The report, released Tuesday by the Montreal Economic Institute, claims marketing boards haven't helped stabilize or increase farm income or preserve the number of family farms.
It says Canadian consumers are paying an extra $3.9 billion a year because there's no competition between producers to improve productivity, which normally leads to lower production costs and a drop in prices.
"It's not to the advantage of the buyers of these products and it's not to the advantage of the producer either," report author and economist Mario Dumais said of the marketing boards.
A marketing monopoly means a board controls the sale of products. Some marketing boards, such as those in the dairy and poultry sectors, also set quotas on how much will be produced and by whom. Farmers have to buy the quotas.
According to figures in Dumais' report, the estimated value of quotas in Canada is about $30 billion. Quotas in the dairy sector average out to $1.4 million per farm.
Dumais says quotas need to be gradually eliminated to open the market and promote competition. But he understands farmers might be hesitant.
"When you do things which change things, usually you don't have everybody agreeing on the topic," said Dumais.
"But I can understand farmers to be very reluctant to such a change because a farmer who has quotas in his hand which are worth $1.4 million or even more ... he might be very afraid to lose the money he might have spent to buy these quotas."
Dumais, a former general secretary for the Cooperative federee de Quebec, a co-operative of farmers, reached his conclusions by looking at supply-managed sectors in Canada and comparing them with those in other parts of the world.
It is a controversial suggestion.
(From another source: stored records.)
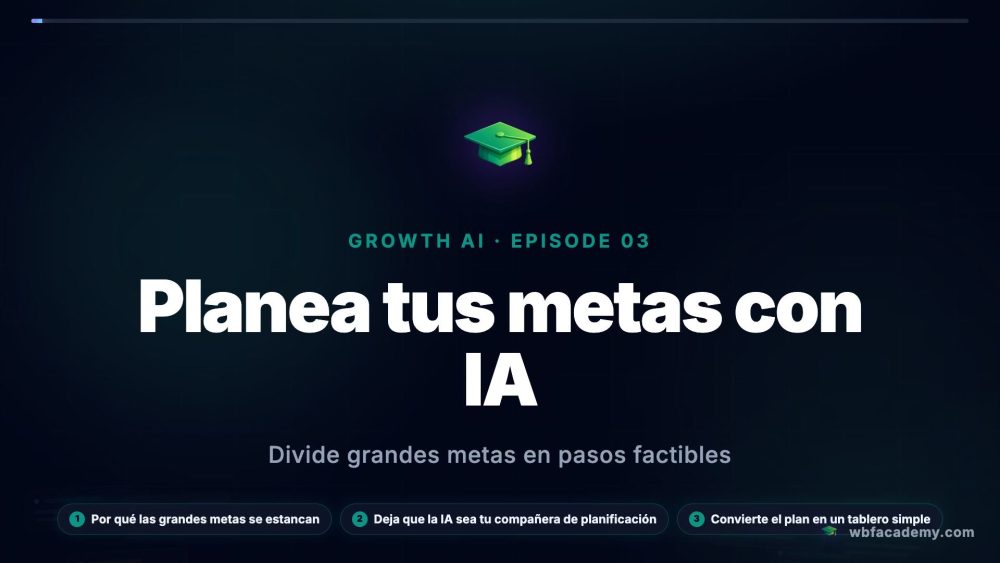 Planea tus metas con IA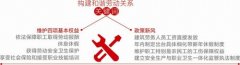 <b>四川：落实带薪年休假制度 今年内出台实施细则</b>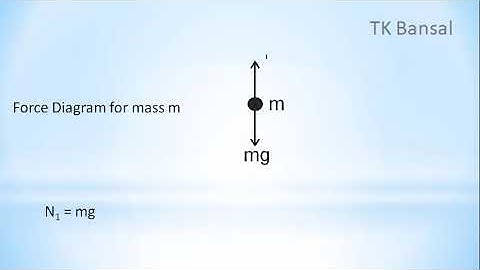 Two masses m1 = 5 kg and m2 = 10 kg,
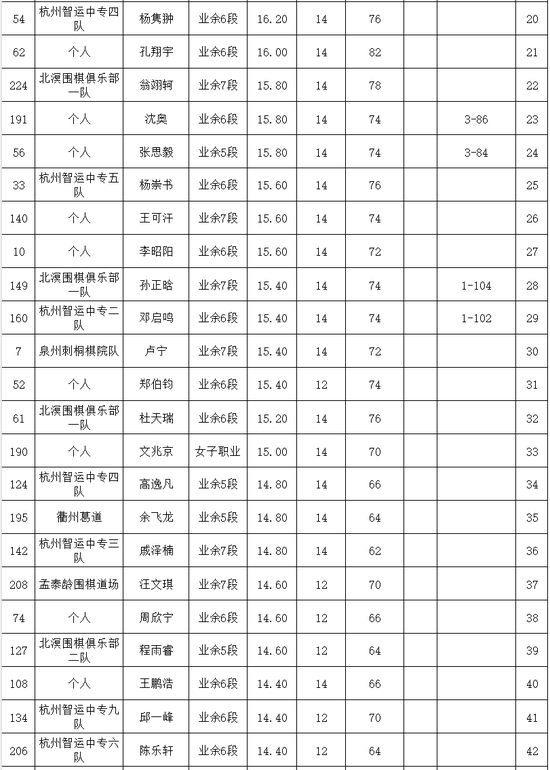 福彩3D第2024096期曾老师和值跨度字谜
Supply management is fiercely defended by some farm groups.
The National Farmers Union has called the supply management system "a win, win, win situation."
The organization says on its website that the system ensures farmers are paid a price that covers the cost of production and keeps foreign companies from dumping their surplus in the Canadian market. The NFU says without supply management, taxpayers would end up paying twice as much for their poultry and dairy products -- at the store and through increased government business risk management program costs.
Dumais says Canada could follow examples set in other countries by abandoning mandatory membership in marketing boards and by imposing a temporary tax to buy back farming quotas.
Ending monopolies held by the marketing boards would involve challenging the Agricultural Products Marketing Act, adopted by the federal government in 1949, as well as various federal and provincial measures that allow the existence of the marketing board systems.
Dumais thinks farmers can survive and prosper.
"I think our farmers ... are very, very efficient, dynamic entrepreneurs and if we give them the possibility to develop their creativity and their entrepreneurship, we would be surprised to realize how they can internationally become competitive."